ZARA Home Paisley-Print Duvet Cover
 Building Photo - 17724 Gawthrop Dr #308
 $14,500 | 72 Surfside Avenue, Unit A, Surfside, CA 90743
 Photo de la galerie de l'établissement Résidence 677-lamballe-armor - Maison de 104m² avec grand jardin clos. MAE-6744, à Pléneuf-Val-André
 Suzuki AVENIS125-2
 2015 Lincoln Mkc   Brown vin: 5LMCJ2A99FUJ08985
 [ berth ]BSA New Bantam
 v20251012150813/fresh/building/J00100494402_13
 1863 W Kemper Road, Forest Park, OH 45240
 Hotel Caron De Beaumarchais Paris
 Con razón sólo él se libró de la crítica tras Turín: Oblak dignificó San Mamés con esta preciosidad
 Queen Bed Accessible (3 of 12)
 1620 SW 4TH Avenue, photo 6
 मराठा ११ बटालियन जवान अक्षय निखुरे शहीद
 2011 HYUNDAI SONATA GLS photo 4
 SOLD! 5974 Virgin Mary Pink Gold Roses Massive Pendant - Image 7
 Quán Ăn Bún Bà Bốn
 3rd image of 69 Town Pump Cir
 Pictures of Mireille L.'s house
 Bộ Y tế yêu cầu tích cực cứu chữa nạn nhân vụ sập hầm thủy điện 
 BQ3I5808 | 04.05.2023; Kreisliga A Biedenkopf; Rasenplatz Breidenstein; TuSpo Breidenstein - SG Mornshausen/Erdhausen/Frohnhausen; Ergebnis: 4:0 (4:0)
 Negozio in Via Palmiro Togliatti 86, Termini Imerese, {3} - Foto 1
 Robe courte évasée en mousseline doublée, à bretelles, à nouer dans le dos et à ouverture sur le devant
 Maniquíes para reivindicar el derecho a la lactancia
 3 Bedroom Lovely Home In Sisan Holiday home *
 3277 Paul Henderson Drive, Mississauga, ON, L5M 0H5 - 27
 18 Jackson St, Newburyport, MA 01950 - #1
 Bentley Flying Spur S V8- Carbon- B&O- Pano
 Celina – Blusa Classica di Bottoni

- - -

Wherever a line of the data holds "Home", copy that line.

ZARA Home Paisley-Print Duvet Cover
 3 Bedroom Lovely Home In Sisan Holiday home *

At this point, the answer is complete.